Reputation: 953
I have been using the below query to create a table within Athena,
CREATE EXTERNAL TABLE IF NOT EXISTS test.test_table (
`converteddate` string,
`userid` string,
)
ROW FORMAT SERDE 'org.apache.hadoop.hive.serde2.OpenCSVSerde'
WITH SERDEPROPERTIES (
'serialization.format' = ',',
'field.delim' = ','
) LOCATION 's3:XXXX'
TBLPROPERTIES ('has_encrypted_data'='false',"skip.header.line.count"="1")
This returns me:
converteddate | userid
-------------------------------------
2017-11-29T05:00:00 | 00001
2017-11-27T04:00:00 | 00002
2017-11-26T03:00:00 | 00003
2017-11-25T02:00:00 | 00004
2017-11-24T01:00:00 | 00005
I would like to return:
converteddate | userid
-------------------------------------
2017-11-29 05:00:00 | 00001
2017-11-27 04:00:00 | 00002
2017-11-26 03:00:00 | 00003
2017-11-25 02:00:00 | 00004
2017-11-24 01:00:00 | 00005
and have converteddate as a datetime and not a string.
Upvotes: 3
Views: 2810
Reputation: 561
(My answer has one premise: you are using OpenCSVSerDe. It doesn't apply to LazySimpleSerDe, for instance.)

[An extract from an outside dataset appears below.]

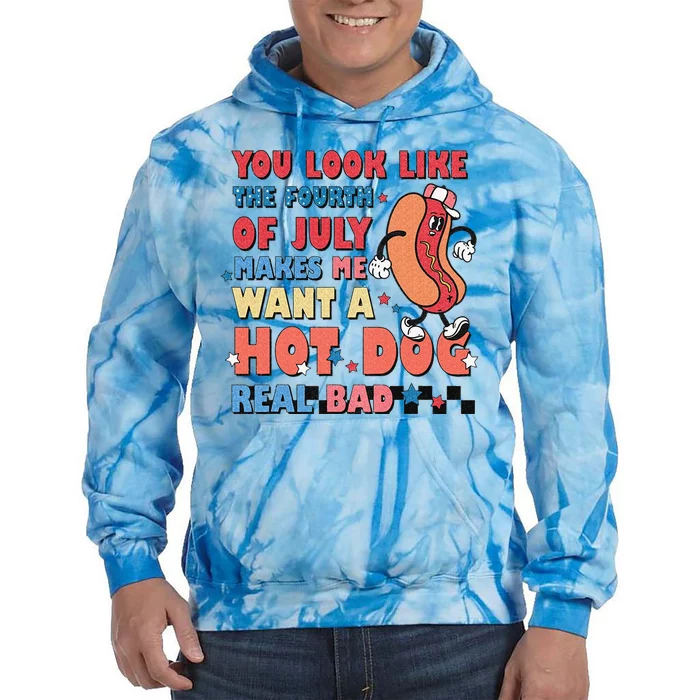 Retro You Look Like The Fourth of July 4th of July Tie Dye Hoodie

If you have the option of changing the format of your input CSV file, you should convert your timestamp to UNIX Epoch Time. That's the format that OpenCSVSerDe is expecting.
For instance, your sample CSV looks like this:
"converteddate","userid"
"2017-11-29T05:00:00","00001"
"2017-11-27T04:00:00","00002"
"2017-11-26T03:00:00","00003"
"2017-11-25T02:00:00","00004"
"2017-11-24T01:00:00","00005"
It should be:
"converteddate","userid"
"1511931600000","00001"
"1511755200000","00002"
"1511665200000","00003"
"1511575200000","00004"
"1511485200000","00005"
Those integers are the number of milliseconds since Midnight January 1, 1970 for each one of your original dates.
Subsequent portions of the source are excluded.